David Seignolle: So look, on the capacity utilization, I don't think we comment on that, but we would expect around, let's say, ballpark half of our capacity, a bit more half of our capacity being utilized at this stage. There is no surprise, if I say -- to any of you, if I say that in the chemical industry in Europe, given the cost structure and everything, all our -- all my peers, let's say, would agree that 75% to 80% utilization is a minimum to have sustainable long-term perspective. In our situation, we know that at this stage, given the elements of underutilization that we have, which hurts or will hurt or which at least offsets all the efficiencies we are bringing from a cost standpoint, any additional volume that will fill up this available capacity will not only generate commercial margin, but also reduce those underutilization that hit our P&L. So we are working on that. And I think that's why we are discussing very heavily now, how do we increase our offering in terms of portfolio, how do we augment that and how do we play more on the CMO or European-made CMO type of market because I think that can be win-win for both customers and ourselves.
Sophie Palliez: So do we have any questions online?
Operator: We do not have any more questions online?
Sophie Palliez: Okay. So maybe one last to conclude on -- from the webcast. If you had to prioritize one key execution risk that could derail the execution of the plan, what would it be?

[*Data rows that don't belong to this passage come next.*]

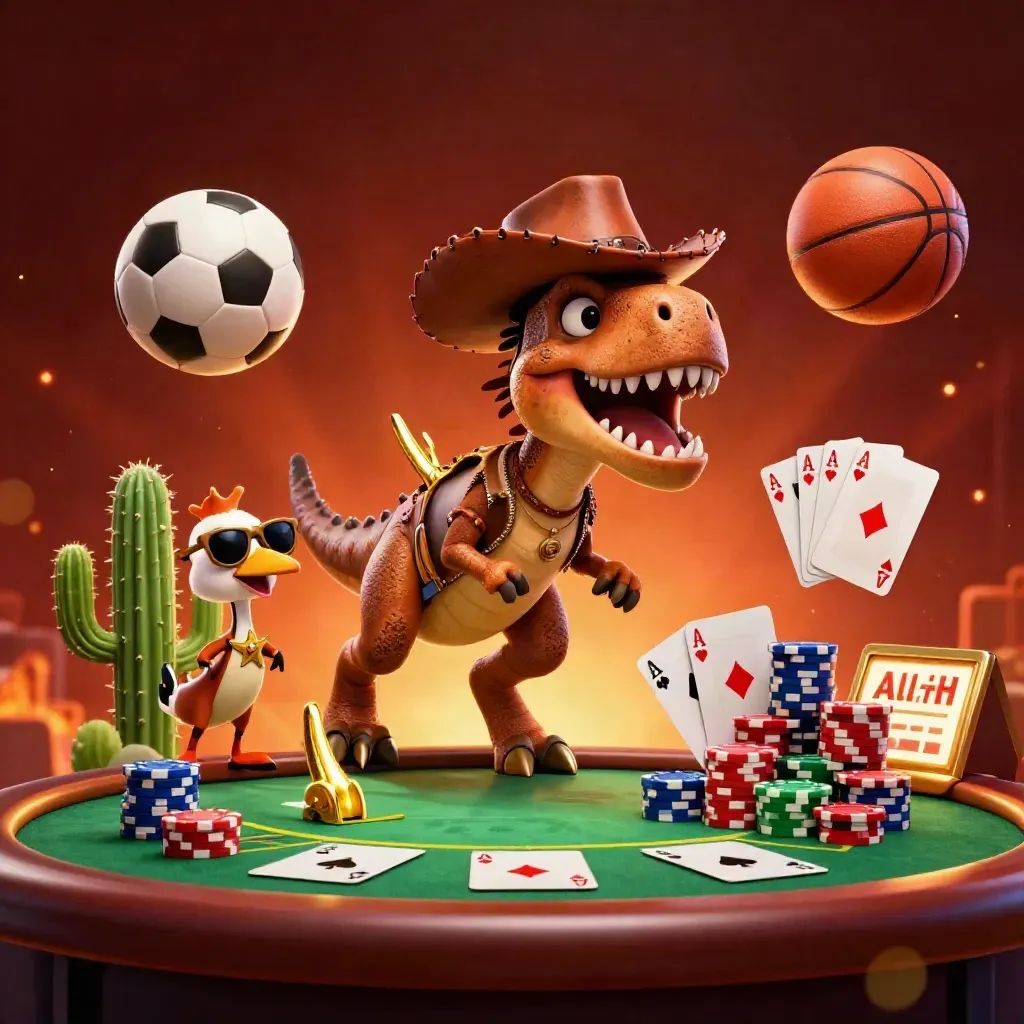 Cowboy T-Rex, cactus and roadrunner amid casino chips, cards and blazing arena light
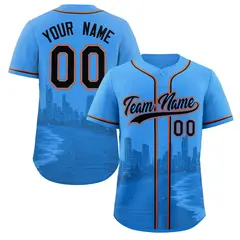 Powder Blue Black Miami City Skyline Baseball Jersey 1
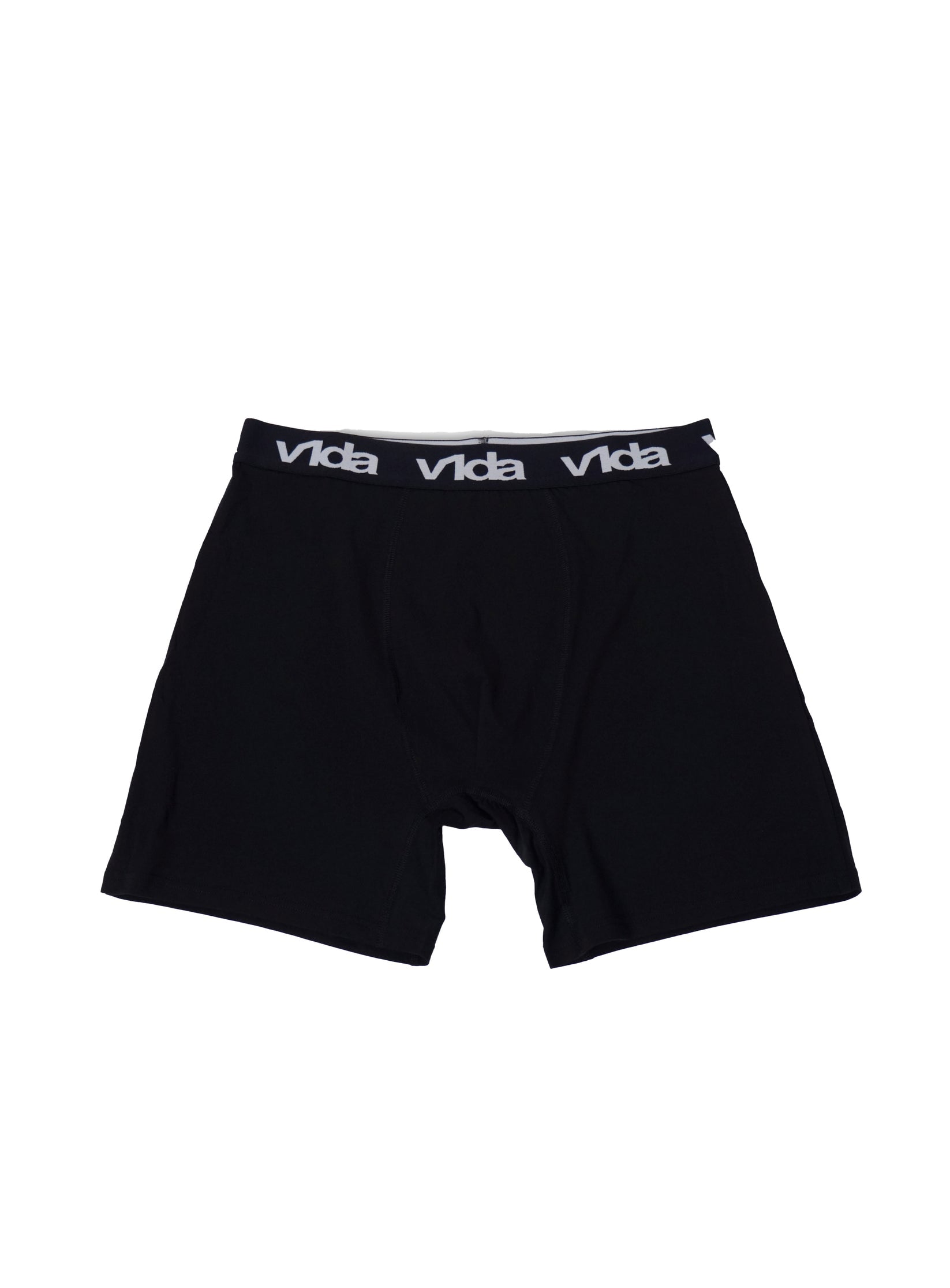 Black men's V1da Boxer Briefs (2 Pack) with a white "vida" logo on the waistband, new design, shown laid flat on a white background.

David Seignolle: I think the key point today is we need to have everyone on the top line. We have proven over the last 2 years that we can -- that whatever we can control, we can simply deliver. And the teams have done an outstanding job across sites, across organization in the last 2 years to actually prove that. And that's why our -- despite the whole headwinds we've seen, our core EBITDA has increased significantly between '24 to '25 and that we landed 2025 with actually a positive EBITDA. And those, as we said, are sustainable measures that will keep yielding results in the future, and we expect further actually on that. Now we need the whole organization to be working top line. And what I mean the whole organization is we need to be able to support our commercial folks that go and talk to customers on a daily basis. We need to provide them with high-quality materials with a competitive value proposition. We need to equip them with top-notch products, maybe provide them more products, provide with the right CMO value proposition, CDMO and R&D expertise. And definitely, when they need support and when they are able to seize clients, we need to be 100% on time, delivering against customer expectations. So I think the key point here is restoring growth will come by having a full organization focused on growth in the future to support the commercial folks delivering on that ambition.
Sophie Palliez: Thank you. So I think if there's no more question online, this will end our webcast today. Thank you for attendance. Thank you for the questions. And as usual, the Investor Relations team and the management remains at your disposal, should you have any follow-up questions. Thank you, and have a good day.